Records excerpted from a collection
__________________________________________________

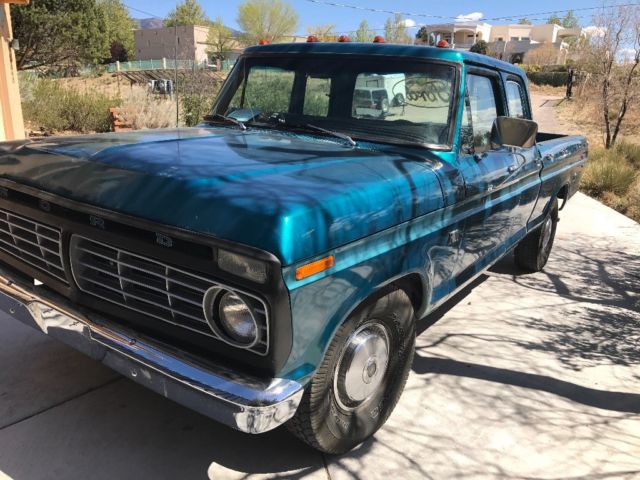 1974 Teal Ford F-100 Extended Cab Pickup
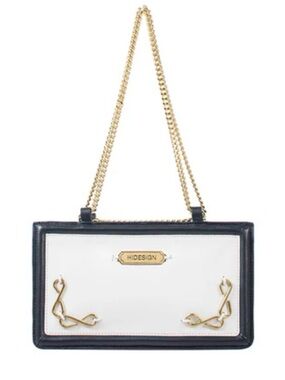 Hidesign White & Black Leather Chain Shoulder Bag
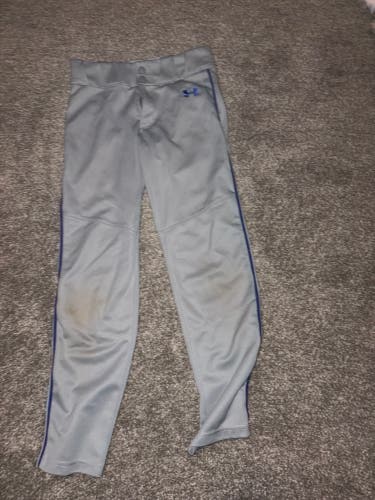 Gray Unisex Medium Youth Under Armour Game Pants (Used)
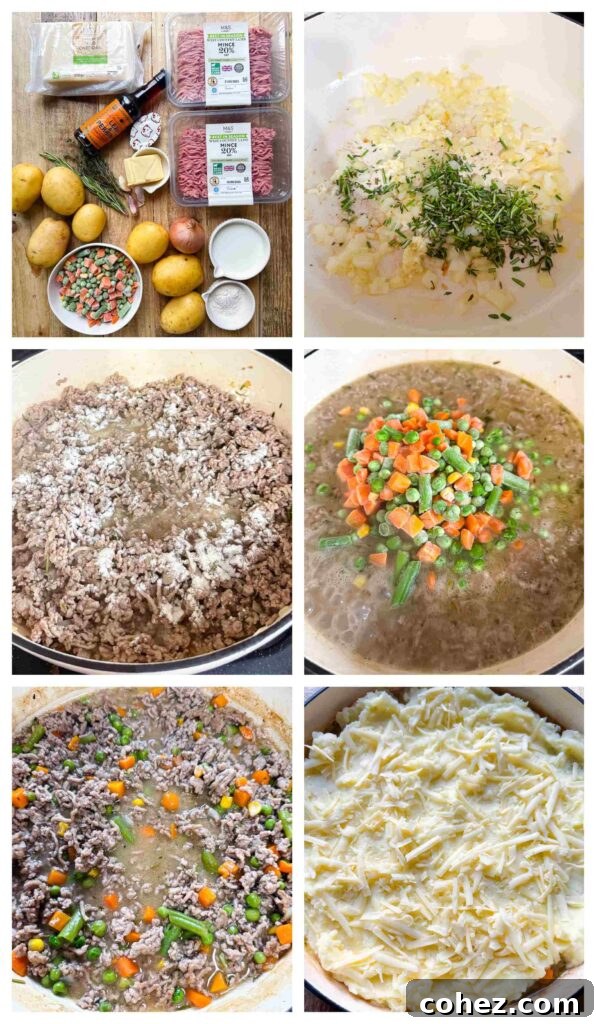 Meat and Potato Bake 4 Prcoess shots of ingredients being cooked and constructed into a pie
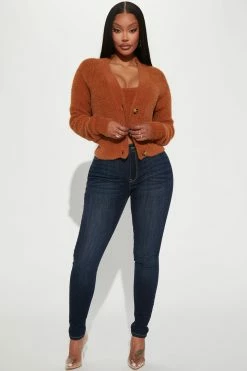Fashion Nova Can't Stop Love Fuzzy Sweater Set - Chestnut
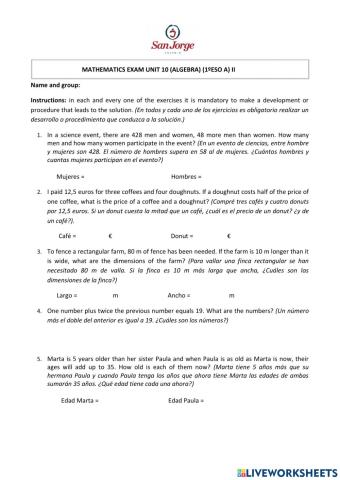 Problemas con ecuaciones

__________________________________________________

## Exercise instructions
Once the line containing "Gray Unisex Medium" has been found, write out exactly that line and each one after it through the end of the data, leaving out every picture.

## Reply to the task
 Gray Unisex Medium Youth Under Armour Game Pants (Used)
 Meat and Potato Bake 4 Prcoess shots of ingredients being cooked and constructed into a pie
Fashion Nova Can't Stop Love Fuzzy Sweater Set - Chestnut
 Problemas con ecuaciones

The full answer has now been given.